Supervisor Fulgenzi says the school is doing major construction at the property without permits. He vows to take legal action to block it.
"The duplicity of the JCCA is astounding,” according to his written statement. “The Town Building Department has recently issued multiple stop-work orders after inspectors found major renovation work underway on residential cottages at the property without permits for plumbing, electrical and other work. But it did not stop there. They also told us that a boring machine was being brought to the site. This, too, would require a permit. To date, none has been filed.”
He adds, "This brazen disregard for our community and the regulations that apply to all construction work is what we have come to expect from the JCCA, and it will not be tolerated...our building inspector and Town Attorney were recently denied entry to the property when they went to inspect the construction, a further indication of the JCCA's utter disregard for the community."
"We continue to strive for a productive and collaborative working relationship with the Town of Mount Pleasant and have never refused any Town official requesting reasonable access to our campus, including building inspectors or Town attorneys," the JCCA writes.
Fulgenzi says the Town will object to any additional residents being allowed to enter on the basis that the JCCA has not complied with town building codes.

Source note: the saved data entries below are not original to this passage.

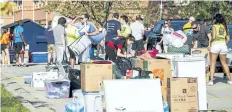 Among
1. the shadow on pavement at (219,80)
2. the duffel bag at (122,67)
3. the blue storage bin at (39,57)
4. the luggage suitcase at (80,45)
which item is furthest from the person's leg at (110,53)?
the blue storage bin at (39,57)

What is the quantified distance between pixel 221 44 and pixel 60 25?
14.2 feet

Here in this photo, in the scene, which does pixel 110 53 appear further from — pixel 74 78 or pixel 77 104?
pixel 77 104

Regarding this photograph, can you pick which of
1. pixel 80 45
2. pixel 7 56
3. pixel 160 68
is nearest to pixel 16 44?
pixel 7 56

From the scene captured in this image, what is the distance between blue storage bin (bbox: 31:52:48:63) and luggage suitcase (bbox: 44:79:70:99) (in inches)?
496

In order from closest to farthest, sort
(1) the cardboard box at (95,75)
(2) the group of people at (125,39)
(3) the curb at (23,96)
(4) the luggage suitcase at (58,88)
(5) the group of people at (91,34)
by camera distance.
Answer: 1. (1) the cardboard box at (95,75)
2. (3) the curb at (23,96)
3. (4) the luggage suitcase at (58,88)
4. (2) the group of people at (125,39)
5. (5) the group of people at (91,34)

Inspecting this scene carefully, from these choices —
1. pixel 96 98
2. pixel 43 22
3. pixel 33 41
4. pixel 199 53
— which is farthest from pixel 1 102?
pixel 43 22

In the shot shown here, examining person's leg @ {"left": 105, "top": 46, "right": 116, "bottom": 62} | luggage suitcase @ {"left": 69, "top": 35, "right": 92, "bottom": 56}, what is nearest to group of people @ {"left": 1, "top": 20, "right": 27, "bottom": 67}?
luggage suitcase @ {"left": 69, "top": 35, "right": 92, "bottom": 56}

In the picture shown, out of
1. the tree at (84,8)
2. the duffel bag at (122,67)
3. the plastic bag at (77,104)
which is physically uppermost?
the tree at (84,8)

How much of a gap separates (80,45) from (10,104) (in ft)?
11.7

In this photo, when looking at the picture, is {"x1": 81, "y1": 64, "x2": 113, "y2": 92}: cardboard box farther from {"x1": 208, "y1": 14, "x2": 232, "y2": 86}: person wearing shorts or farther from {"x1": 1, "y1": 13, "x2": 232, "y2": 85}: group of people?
{"x1": 208, "y1": 14, "x2": 232, "y2": 86}: person wearing shorts

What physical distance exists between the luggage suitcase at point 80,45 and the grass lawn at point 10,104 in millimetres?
2156

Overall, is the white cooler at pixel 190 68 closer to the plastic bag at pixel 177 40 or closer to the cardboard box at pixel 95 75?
the cardboard box at pixel 95 75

Assemblymember MaryJane Shimsky says the Cottage School is prepared to handle the unaccompanied children:
“For the past several months, JCCA has made clear to all stakeholders that a limited number of children will be placed at the Cottage School campus by the U.S. Department of Health and Human Services. This is a matter that has been discussed at the coordinating meetings attended by Supervisor Fulgenzi, Mount Pleasant Police Chief Oliva, representatives from JCCA and OCFS, Majority Leader Stewart-Cousins, and me. Given JCCA’s expertise and preparedness, as well as the fact that the campus is currently operating beneath capacity, the Cottage School is uniquely positioned to accept and assist these 24 unaccompanied children. All other matters raised by the supervisor are in the process of being resolved. JCCA has kept all stakeholders updated about their legal counsel’s ongoing communications with the Town attorney regarding permitting, inspections, and the boring sampling needed to test their groundwater.”